**ASSIGNED TASK:**
Without including any pictures, please copy every entry below exactly.

**DATASET EXCERPTS:**
----

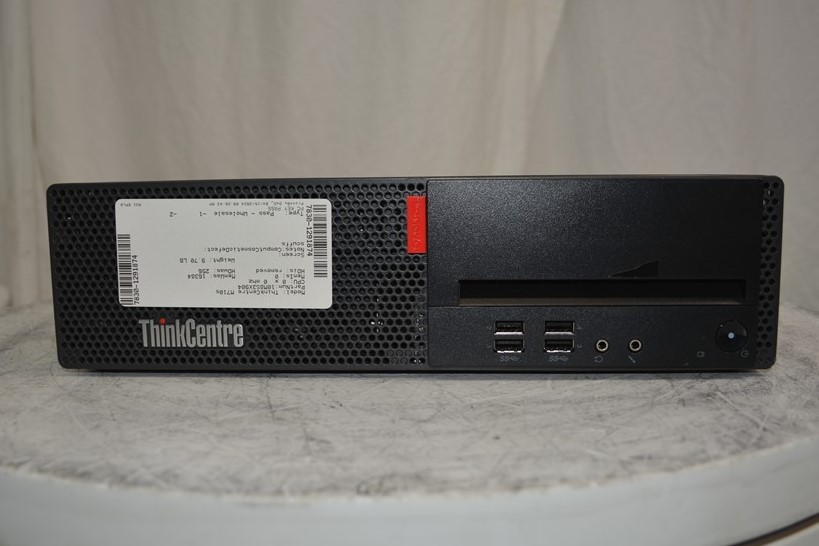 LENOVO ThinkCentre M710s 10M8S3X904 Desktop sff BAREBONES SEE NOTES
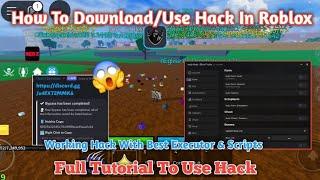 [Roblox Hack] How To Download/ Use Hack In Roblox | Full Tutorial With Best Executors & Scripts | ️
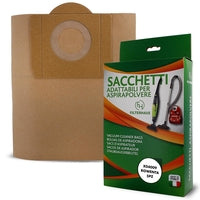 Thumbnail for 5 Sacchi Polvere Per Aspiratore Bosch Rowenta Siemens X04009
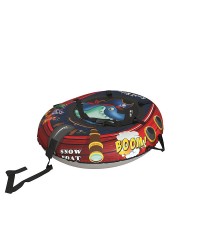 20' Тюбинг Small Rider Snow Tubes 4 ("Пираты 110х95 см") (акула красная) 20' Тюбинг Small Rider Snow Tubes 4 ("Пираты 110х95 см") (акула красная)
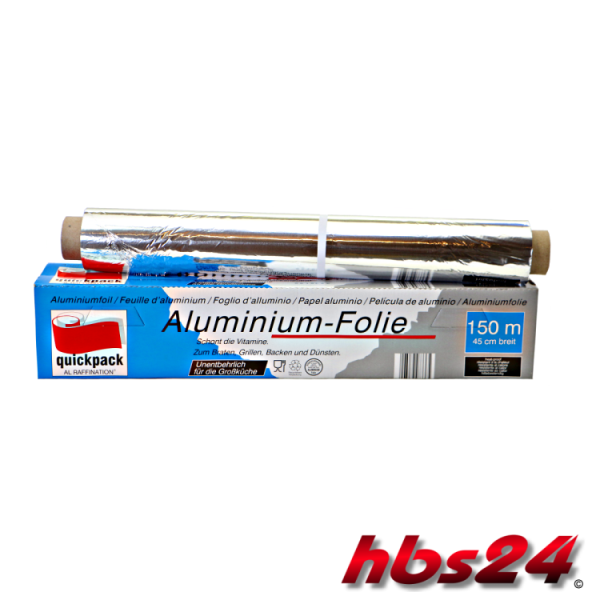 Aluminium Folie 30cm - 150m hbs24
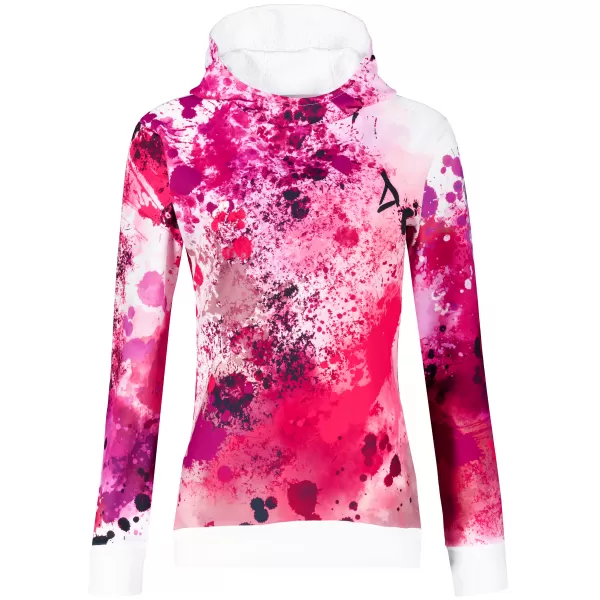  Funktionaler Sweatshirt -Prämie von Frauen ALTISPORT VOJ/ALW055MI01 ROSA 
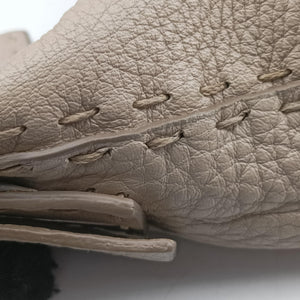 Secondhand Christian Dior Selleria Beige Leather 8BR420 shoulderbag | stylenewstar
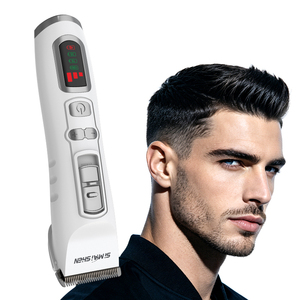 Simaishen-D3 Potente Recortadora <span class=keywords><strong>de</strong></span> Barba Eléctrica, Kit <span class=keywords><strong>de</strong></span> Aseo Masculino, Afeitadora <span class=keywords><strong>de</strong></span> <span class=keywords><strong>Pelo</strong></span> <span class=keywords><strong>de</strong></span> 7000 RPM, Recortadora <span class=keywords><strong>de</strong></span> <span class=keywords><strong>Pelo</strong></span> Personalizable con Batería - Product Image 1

----

**ANSWER BOX:**
 LENOVO ThinkCentre M710s 10M8S3X904 Desktop sff BAREBONES SEE NOTES
 [Roblox Hack] How To Download/ Use Hack In Roblox | Full Tutorial With Best Executors & Scripts | ️
 Thumbnail for 5 Sacchi Polvere Per Aspiratore Bosch Rowenta Siemens X04009
 20' Тюбинг Small Rider Snow Tubes 4 ("Пираты 110х95 см") (акула красная) 20' Тюбинг Small Rider Snow Tubes 4 ("Пираты 110х95 см") (акула красная)
 Aluminium Folie 30cm - 150m hbs24
  Funktionaler Sweatshirt -Prämie von Frauen ALTISPORT VOJ/ALW055MI01 ROSA 
 Secondhand Christian Dior Selleria Beige Leather 8BR420 shoulderbag | stylenewstar
 Simaishen-D3 Potente Recortadora <span class=keywords><strong>de</strong></span> Barba Eléctrica, Kit <span class=keywords><strong>de</strong></span> Aseo Masculino, Afeitadora <span class=keywords><strong>de</strong></span> <span class=keywords><strong>Pelo</strong></span> <span class=keywords><strong>de</strong></span> 7000 RPM, Recortadora <span class=keywords><strong>de</strong></span> <span class=keywords><strong>Pelo</strong></span> Personalizable con Batería - Product Image 1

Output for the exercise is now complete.